**Information given**
------------------------------------------------------------------------
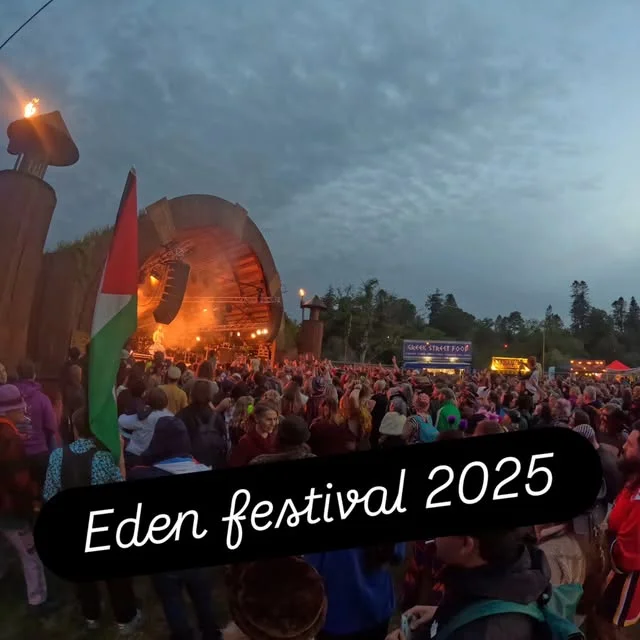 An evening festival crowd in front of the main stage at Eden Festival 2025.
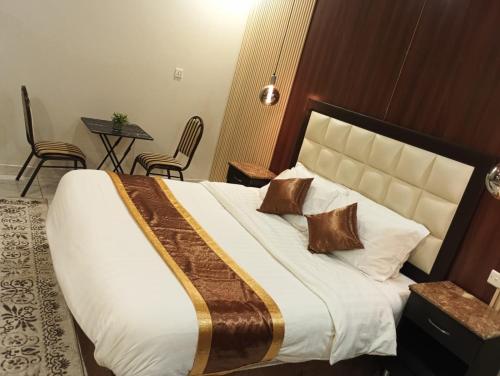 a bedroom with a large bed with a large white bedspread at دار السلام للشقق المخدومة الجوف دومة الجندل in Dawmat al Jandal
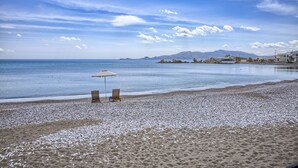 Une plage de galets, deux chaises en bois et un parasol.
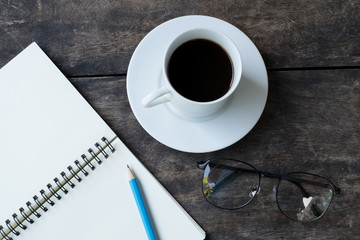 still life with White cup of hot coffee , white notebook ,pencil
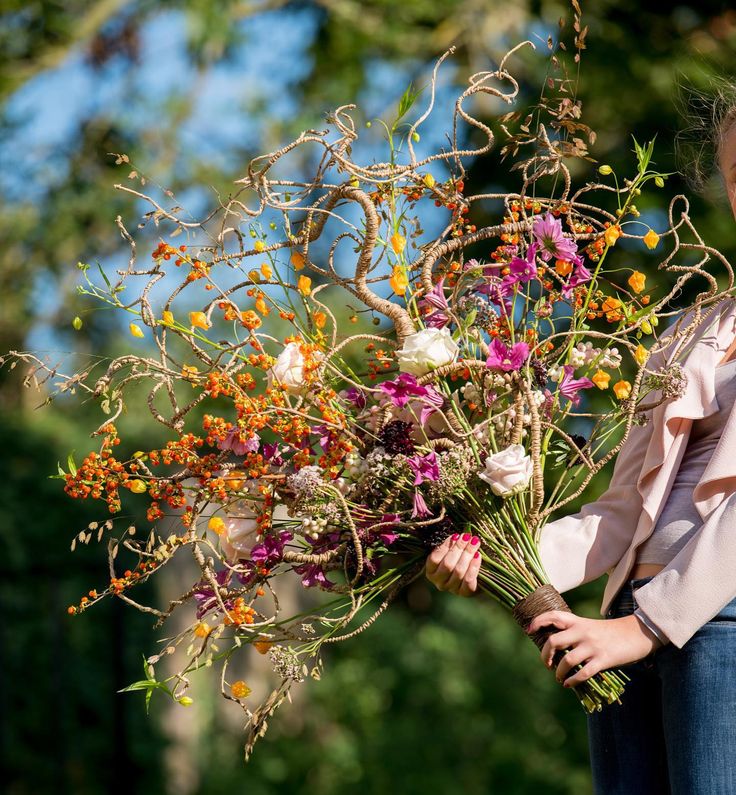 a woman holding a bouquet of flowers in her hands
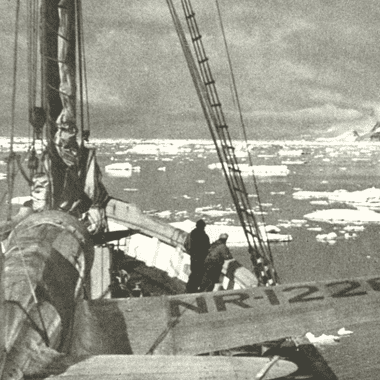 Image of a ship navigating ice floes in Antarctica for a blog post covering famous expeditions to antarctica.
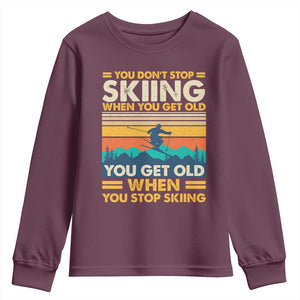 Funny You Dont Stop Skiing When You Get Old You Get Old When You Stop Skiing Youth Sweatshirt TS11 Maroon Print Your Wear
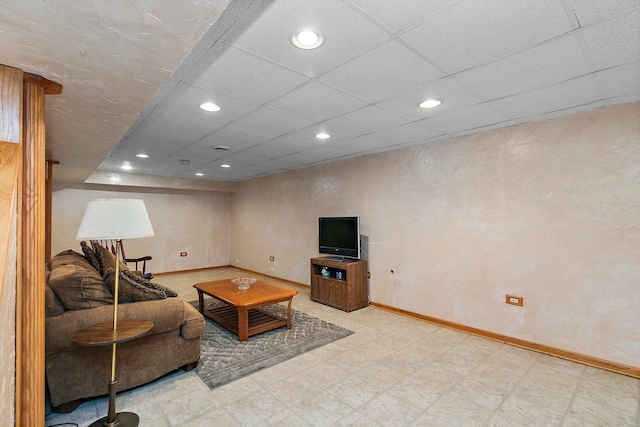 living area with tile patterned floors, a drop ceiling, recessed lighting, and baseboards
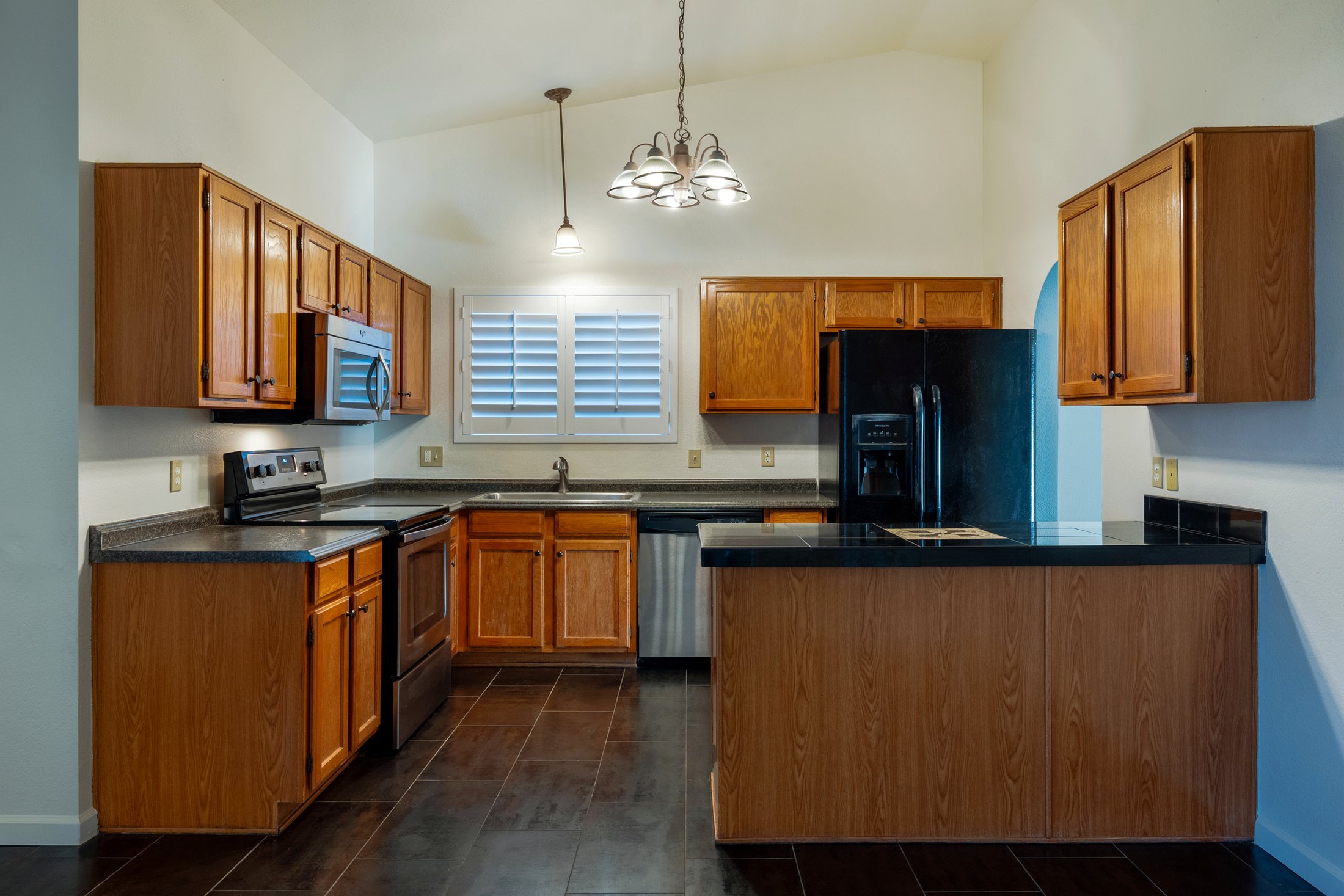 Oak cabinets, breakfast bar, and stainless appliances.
------------------------------------------------------------------------
**Action item**
Copy exactly, and only, the lines from the first entry through the line holding "Une plage de", both ends included, leaving out every picture.

**Finished task**
 An evening festival crowd in front of the main stage at Eden Festival 2025.
 a bedroom with a large bed with a large white bedspread at دار السلام للشقق المخدومة الجوف دومة الجندل in Dawmat al Jandal
 Une plage de galets, deux chaises en bois et un parasol.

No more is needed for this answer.